Lipos are better, hands down. Lighter, more powerful, usually longer lasting.
However, their biggest advantage may be their amp output. They can supply energy faster. This is important with fast models, race vehicles ect.
But, a rock crawler is generally slow. So, I high output battery isn't a big deal.
Example:
I have a 5000mah battery for my sc10 race truck (mah refers to capacity) and it will run for 25-30 minutes on a charge.
I have a 4000mah battery for my 1/6 scale custom hummer rock crawler. It is a MOA rock crawler, so it actually has 2 motors. It can run for 1.5-2 hours on a charge! Both batteries are the same voltage, but the rock crawler motors draw much less amps so the battery lasts much longer.

Reasons not to get a lipo:
if the ESC you got isn't lipo ready. Lipos cannot be fully drained like nimh packs. The ESC that is lipo ready detects the voltage of the pack and cuts power to the motor when it is time to recharge the lipo.
Cost. while some lipo packs actually don't cost more than nimh, you have to have a lipo specific charger.

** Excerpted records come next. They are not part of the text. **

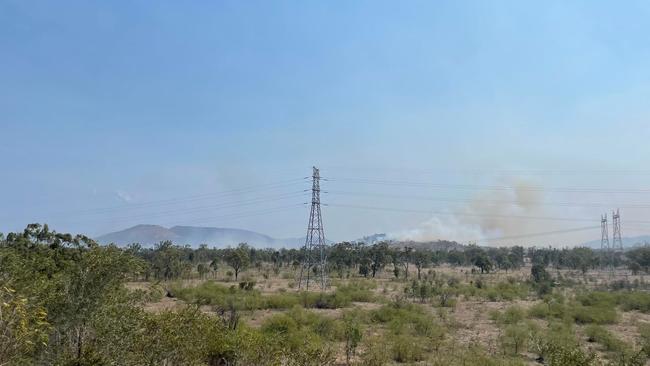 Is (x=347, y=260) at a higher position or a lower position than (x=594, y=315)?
higher

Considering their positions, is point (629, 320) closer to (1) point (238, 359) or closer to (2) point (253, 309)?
(2) point (253, 309)

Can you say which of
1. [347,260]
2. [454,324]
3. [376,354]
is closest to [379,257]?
[347,260]

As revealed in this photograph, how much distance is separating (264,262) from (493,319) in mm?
91364

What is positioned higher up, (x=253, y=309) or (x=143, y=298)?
(x=143, y=298)

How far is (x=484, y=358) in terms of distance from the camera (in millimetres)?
25203

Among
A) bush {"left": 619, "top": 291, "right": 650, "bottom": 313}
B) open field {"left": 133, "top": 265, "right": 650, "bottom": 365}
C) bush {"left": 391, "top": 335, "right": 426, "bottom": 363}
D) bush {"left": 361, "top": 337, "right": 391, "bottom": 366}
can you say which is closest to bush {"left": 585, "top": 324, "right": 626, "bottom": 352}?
open field {"left": 133, "top": 265, "right": 650, "bottom": 365}

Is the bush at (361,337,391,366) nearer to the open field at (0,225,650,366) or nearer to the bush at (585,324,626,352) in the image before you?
the open field at (0,225,650,366)

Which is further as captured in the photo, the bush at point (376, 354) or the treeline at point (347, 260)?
the treeline at point (347, 260)

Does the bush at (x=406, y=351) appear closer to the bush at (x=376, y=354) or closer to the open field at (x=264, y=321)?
the open field at (x=264, y=321)

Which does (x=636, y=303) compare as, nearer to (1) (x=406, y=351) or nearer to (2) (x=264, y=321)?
(1) (x=406, y=351)

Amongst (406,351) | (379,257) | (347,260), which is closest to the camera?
(406,351)

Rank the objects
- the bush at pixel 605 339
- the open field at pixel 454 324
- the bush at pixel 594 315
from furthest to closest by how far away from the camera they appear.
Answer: the bush at pixel 594 315 < the bush at pixel 605 339 < the open field at pixel 454 324

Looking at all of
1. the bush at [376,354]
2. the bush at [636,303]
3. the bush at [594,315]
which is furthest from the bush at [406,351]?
the bush at [636,303]

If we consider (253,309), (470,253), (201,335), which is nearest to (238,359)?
(201,335) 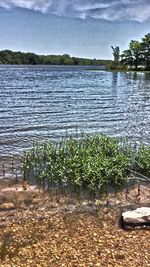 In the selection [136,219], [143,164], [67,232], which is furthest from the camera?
[143,164]

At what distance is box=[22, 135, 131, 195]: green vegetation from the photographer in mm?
12427

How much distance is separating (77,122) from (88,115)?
349 cm

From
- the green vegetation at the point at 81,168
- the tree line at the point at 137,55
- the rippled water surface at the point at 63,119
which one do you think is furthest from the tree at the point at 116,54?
the green vegetation at the point at 81,168

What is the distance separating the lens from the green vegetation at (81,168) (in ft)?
40.8

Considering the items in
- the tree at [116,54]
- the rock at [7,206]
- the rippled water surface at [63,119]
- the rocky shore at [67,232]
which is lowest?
the rocky shore at [67,232]

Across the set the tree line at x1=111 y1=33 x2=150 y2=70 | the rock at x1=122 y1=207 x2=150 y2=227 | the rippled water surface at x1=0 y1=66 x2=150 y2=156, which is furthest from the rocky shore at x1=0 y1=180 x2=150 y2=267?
the tree line at x1=111 y1=33 x2=150 y2=70

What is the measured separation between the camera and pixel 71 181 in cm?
1257


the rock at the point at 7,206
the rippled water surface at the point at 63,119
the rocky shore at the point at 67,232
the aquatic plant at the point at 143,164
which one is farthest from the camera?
the rippled water surface at the point at 63,119

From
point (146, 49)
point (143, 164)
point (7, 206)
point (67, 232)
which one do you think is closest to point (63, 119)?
point (143, 164)

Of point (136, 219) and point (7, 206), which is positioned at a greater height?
point (136, 219)

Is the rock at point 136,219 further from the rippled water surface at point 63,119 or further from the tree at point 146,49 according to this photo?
the tree at point 146,49

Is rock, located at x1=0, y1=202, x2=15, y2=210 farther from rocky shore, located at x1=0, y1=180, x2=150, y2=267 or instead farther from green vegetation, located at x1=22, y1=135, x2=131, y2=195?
green vegetation, located at x1=22, y1=135, x2=131, y2=195

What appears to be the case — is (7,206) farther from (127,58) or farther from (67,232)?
(127,58)

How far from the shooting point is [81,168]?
12.8 metres
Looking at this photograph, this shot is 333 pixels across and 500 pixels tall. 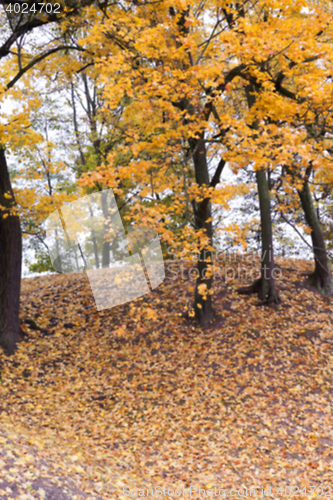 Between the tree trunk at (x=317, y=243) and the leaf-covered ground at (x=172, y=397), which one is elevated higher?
the tree trunk at (x=317, y=243)

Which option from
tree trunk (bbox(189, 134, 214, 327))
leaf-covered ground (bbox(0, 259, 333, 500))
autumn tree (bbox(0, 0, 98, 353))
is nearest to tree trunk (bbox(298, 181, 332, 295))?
leaf-covered ground (bbox(0, 259, 333, 500))

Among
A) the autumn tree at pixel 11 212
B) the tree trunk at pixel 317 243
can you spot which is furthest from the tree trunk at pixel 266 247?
the autumn tree at pixel 11 212

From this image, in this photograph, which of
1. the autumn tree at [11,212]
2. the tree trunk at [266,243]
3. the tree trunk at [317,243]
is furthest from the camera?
the tree trunk at [317,243]

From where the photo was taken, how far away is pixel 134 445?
239 inches

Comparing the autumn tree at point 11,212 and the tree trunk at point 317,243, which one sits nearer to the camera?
the autumn tree at point 11,212

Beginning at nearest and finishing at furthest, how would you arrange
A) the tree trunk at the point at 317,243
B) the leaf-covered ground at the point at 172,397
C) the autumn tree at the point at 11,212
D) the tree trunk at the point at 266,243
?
the leaf-covered ground at the point at 172,397 < the autumn tree at the point at 11,212 < the tree trunk at the point at 266,243 < the tree trunk at the point at 317,243

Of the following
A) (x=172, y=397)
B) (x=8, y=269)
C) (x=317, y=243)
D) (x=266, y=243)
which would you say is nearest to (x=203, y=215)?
(x=266, y=243)

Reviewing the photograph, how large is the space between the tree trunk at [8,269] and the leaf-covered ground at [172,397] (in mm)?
524

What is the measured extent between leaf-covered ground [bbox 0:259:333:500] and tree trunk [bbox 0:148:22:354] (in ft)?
1.72

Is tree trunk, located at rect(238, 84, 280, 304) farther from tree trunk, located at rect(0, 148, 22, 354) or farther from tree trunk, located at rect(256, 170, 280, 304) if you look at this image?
tree trunk, located at rect(0, 148, 22, 354)

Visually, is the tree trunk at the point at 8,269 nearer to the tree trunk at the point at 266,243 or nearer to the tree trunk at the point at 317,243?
the tree trunk at the point at 266,243

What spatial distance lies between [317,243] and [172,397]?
6103mm

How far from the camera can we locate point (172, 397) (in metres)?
7.30

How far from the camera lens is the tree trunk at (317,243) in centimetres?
1032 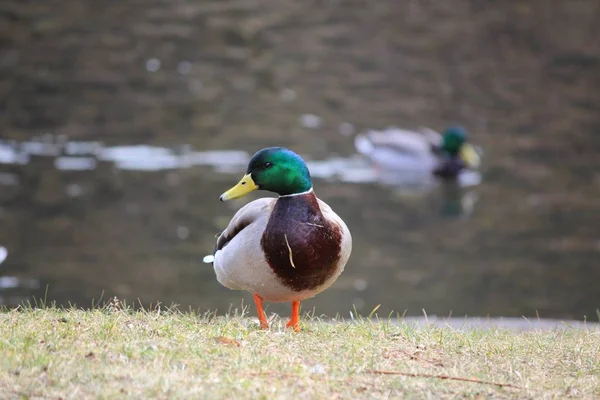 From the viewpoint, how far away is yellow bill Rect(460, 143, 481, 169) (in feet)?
54.2

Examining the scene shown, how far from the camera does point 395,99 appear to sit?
19.0 metres

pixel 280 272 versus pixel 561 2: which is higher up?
pixel 280 272

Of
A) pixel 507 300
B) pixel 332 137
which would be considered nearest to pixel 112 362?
pixel 507 300

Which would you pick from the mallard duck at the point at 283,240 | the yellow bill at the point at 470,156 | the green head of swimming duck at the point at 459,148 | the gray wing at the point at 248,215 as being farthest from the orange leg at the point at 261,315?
the yellow bill at the point at 470,156

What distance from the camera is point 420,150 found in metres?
17.4

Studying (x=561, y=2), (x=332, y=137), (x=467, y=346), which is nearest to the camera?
(x=467, y=346)

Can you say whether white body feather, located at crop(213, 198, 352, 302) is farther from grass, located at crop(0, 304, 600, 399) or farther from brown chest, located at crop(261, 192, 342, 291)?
grass, located at crop(0, 304, 600, 399)

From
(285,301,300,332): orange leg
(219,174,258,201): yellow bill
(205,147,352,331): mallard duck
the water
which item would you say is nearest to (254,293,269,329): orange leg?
(205,147,352,331): mallard duck

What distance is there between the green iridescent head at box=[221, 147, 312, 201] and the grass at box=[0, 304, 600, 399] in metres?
0.71

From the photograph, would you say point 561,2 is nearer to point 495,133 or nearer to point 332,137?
point 495,133

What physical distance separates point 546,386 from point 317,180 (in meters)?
9.74

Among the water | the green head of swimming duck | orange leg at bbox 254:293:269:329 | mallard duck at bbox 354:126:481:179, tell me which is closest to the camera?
orange leg at bbox 254:293:269:329

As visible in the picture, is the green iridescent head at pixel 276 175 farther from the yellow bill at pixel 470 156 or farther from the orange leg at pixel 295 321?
the yellow bill at pixel 470 156

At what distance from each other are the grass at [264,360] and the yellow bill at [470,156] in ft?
35.6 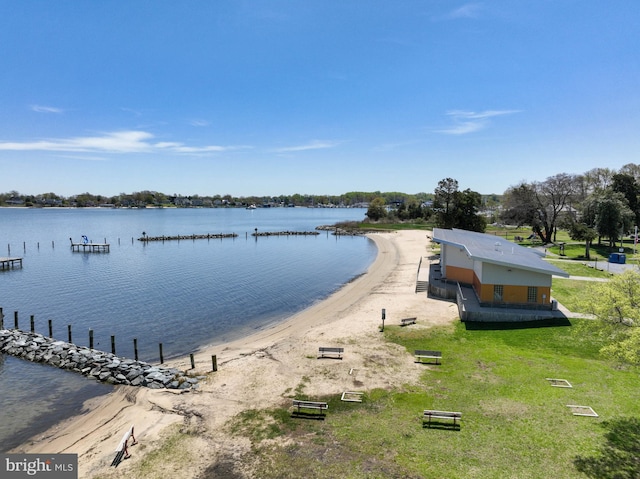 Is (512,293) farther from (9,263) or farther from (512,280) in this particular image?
(9,263)

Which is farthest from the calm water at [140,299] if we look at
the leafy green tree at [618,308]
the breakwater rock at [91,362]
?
the leafy green tree at [618,308]

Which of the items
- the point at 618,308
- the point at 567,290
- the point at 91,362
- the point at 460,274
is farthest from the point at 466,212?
the point at 91,362

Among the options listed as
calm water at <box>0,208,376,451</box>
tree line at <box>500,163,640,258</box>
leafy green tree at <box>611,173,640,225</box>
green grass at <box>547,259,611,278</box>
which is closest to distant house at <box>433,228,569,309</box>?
green grass at <box>547,259,611,278</box>

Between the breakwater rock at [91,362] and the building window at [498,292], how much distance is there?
22.1 metres

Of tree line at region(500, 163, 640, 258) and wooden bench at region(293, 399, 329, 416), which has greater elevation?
tree line at region(500, 163, 640, 258)

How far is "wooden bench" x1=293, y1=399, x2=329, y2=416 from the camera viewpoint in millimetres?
15672

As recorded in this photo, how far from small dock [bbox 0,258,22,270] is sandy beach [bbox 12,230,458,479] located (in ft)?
170

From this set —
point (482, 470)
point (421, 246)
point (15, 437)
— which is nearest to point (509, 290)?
point (482, 470)

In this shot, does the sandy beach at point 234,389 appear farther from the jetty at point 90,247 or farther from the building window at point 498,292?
the jetty at point 90,247

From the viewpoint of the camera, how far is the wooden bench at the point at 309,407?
1567cm

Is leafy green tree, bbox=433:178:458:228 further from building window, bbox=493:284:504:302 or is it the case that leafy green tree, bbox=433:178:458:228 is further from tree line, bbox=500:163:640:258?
building window, bbox=493:284:504:302

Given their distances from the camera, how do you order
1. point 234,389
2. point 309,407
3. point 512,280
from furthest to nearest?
point 512,280
point 234,389
point 309,407

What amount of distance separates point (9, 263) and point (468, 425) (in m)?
72.7

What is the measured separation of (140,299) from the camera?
39.6 metres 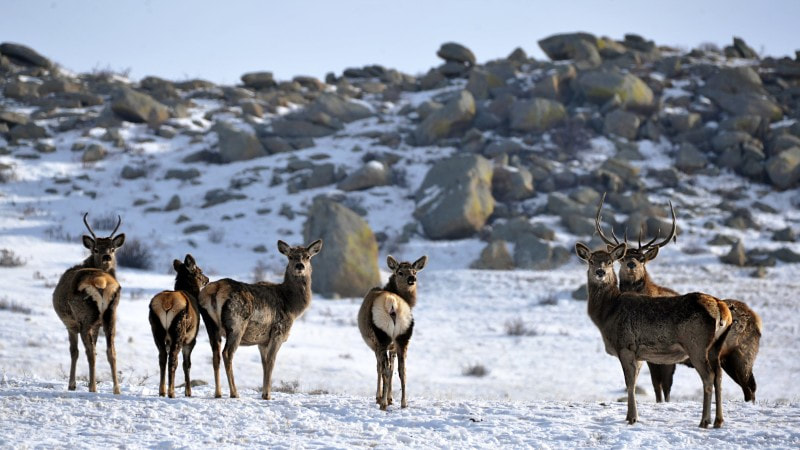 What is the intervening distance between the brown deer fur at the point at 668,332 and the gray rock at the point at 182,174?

The least expensive are around $50. They can charge lipo, nimh and other types of batteries.

reasons to get lipo:
generally longer runtimes.
lighter than nimh
they usually last a long time, even if you go a couple months without using them.
more voltage....a 6cell nimh is 7.2v where a 2 cell lipo is 7.4v (8.4v when fully charged) and a lipo keeps its voltage up until it is time to recharge, instead of slowly draining and lowering its output like a nimh pack.

I personally have never had or seen a servo that couldn't run on a 2s lipo battery. the voltage is soo close to a standard 6cell nimh....plus, the receiver is what supplies power to the servo and this is usually limited to no more than 6v.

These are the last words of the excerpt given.